Collected data entries:
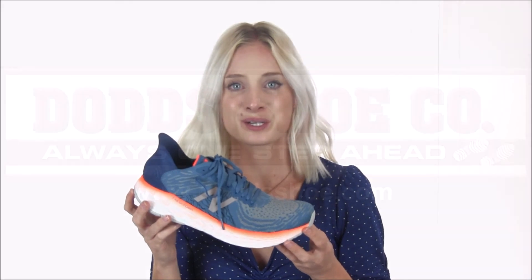Logging hundreds of miles has never been easier or more comfortable with the 1080 V10 running shoe from New Balance. You can find this pair along with many other styles by heading on over to dodgeshoe.com today.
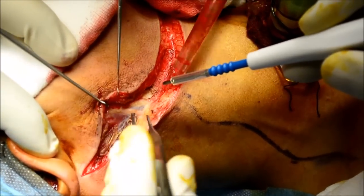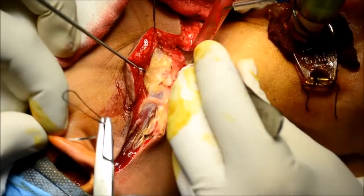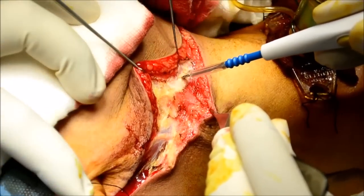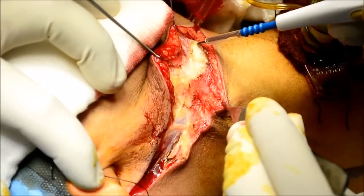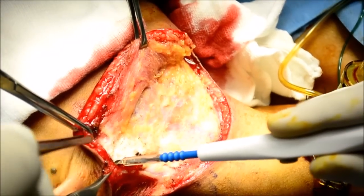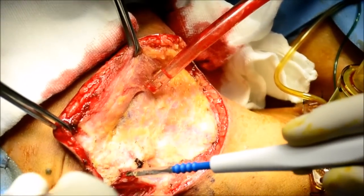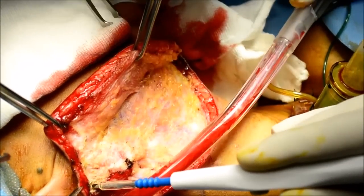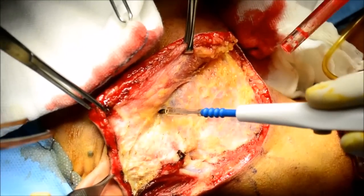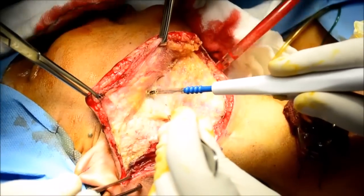The superior flap is elevated with cautery and the plane is subplatysmal. A couple of skin hooks are inserted and gentle traction and counter-traction is given so that you are in the right plane. When lifting the flap, be very vigilant about the marginal mandibular nerve.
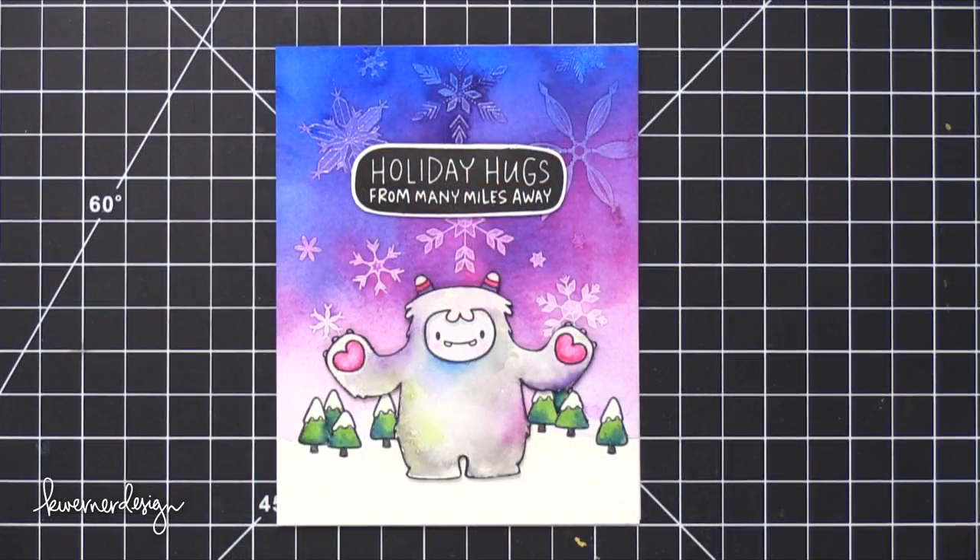That's the card for today! I hope you guys enjoyed it and it gave you some ideas on how to create a nice winter sky. Make sure you check out my blog for all the Blog Hop info as well as the giveaways. Thank you so much for watching — I will see you guys in the next video.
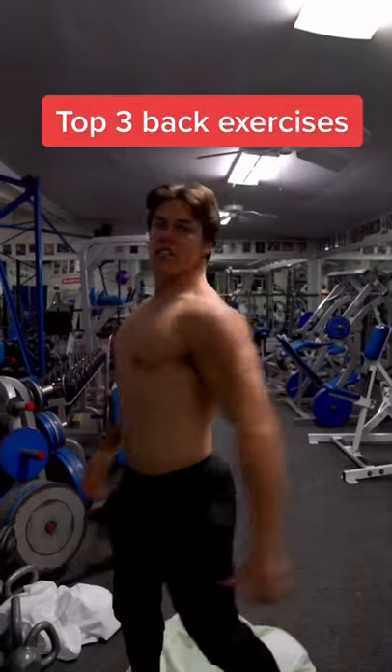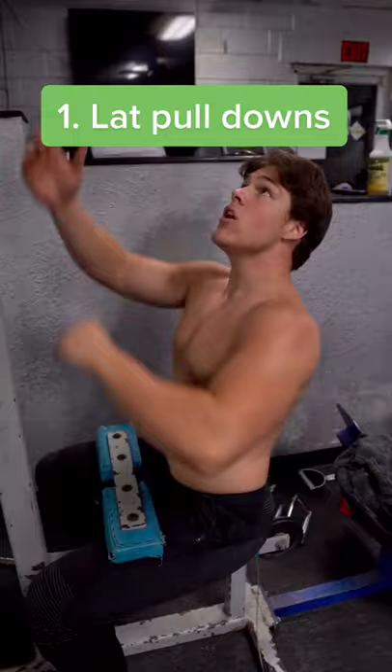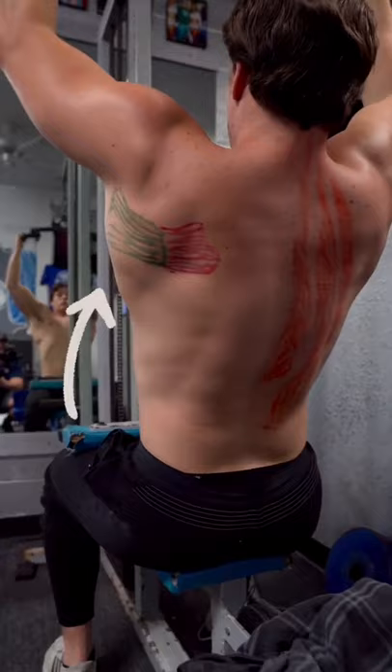Three exercises for a cobra-sized back, part two. Let's work out to in. First up, hit the teres major, shown in green. We're going to be doing lat pulldowns with a wide grip. Keep in mind, a lot of these back workouts will hit multiple muscle groups.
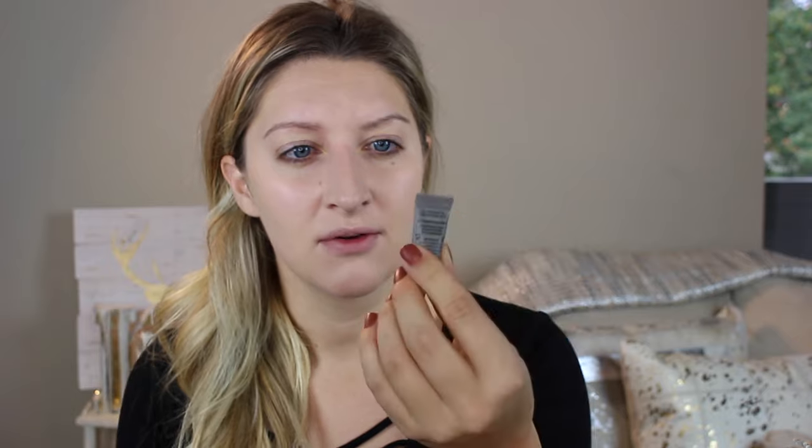Prime my eyes. I'm going to use my little baby tester of the Air Control Air Patrol primer from Benefit. I think this stuff is amazing. I love how lightweight it is, I love that it's a yellow base — it just really helps neutralize the lid, but it also keeps my eyeshadow on all day and a little bit goes a long way. I've seriously had that thing for — I don't know — I probably used it five or six times and it's still going.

## Requirement
Without carrying over any picture, retype the records above word for word.

## Reply
Logging hundreds of miles has never been easier or more comfortable with the 1080 V10 running shoe from New Balance. You can find this pair along with many other styles by heading on over to dodgeshoe.com today.
The superior flap is elevated with cautery and the plane is subplatysmal. A couple of skin hooks are inserted and gentle traction and counter-traction is given so that you are in the right plane. When lifting the flap, be very vigilant about the marginal mandibular nerve.
That's the card for today! I hope you guys enjoyed it and it gave you some ideas on how to create a nice winter sky. Make sure you check out my blog for all the Blog Hop info as well as the giveaways. Thank you so much for watching — I will see you guys in the next video.
Three exercises for a cobra-sized back, part two. Let's work out to in. First up, hit the teres major, shown in green. We're going to be doing lat pulldowns with a wide grip. Keep in mind, a lot of these back workouts will hit multiple muscle groups.
Prime my eyes. I'm going to use my little baby tester of the Air Control Air Patrol primer from Benefit. I think this stuff is amazing. I love how lightweight it is, I love that it's a yellow base — it just really helps neutralize the lid, but it also keeps my eyeshadow on all day and a little bit goes a long way. I've seriously had that thing for — I don't know — I probably used it five or six times and it's still going.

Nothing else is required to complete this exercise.